Task to complete: Exactly the lines starting at the line containing "BenQ MOBIUZ EX2510S" and ending at the line containing "Calendario Mensual En" are to be written out from the listing below, both included.
(Material provided begins)
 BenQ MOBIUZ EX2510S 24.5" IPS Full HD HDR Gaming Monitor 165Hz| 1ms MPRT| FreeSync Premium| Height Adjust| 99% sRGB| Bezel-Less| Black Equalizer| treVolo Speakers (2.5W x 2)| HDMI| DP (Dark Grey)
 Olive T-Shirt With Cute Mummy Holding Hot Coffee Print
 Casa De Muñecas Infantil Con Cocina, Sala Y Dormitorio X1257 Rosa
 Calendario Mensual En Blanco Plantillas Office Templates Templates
(Material provided ends)
(Material provided begins)
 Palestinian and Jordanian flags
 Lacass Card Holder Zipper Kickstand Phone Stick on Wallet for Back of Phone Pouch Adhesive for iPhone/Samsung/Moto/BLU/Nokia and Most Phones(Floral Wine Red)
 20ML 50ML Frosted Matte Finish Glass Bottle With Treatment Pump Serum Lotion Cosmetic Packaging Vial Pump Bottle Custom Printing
(Material provided ends)
Solution for this task:
 BenQ MOBIUZ EX2510S 24.5" IPS Full HD HDR Gaming Monitor 165Hz| 1ms MPRT| FreeSync Premium| Height Adjust| 99% sRGB| Bezel-Less| Black Equalizer| treVolo Speakers (2.5W x 2)| HDMI| DP (Dark Grey)
 Olive T-Shirt With Cute Mummy Holding Hot Coffee Print
 Casa De Muñecas Infantil Con Cocina, Sala Y Dormitorio X1257 Rosa
 Calendario Mensual En Blanco Plantillas Office Templates Templates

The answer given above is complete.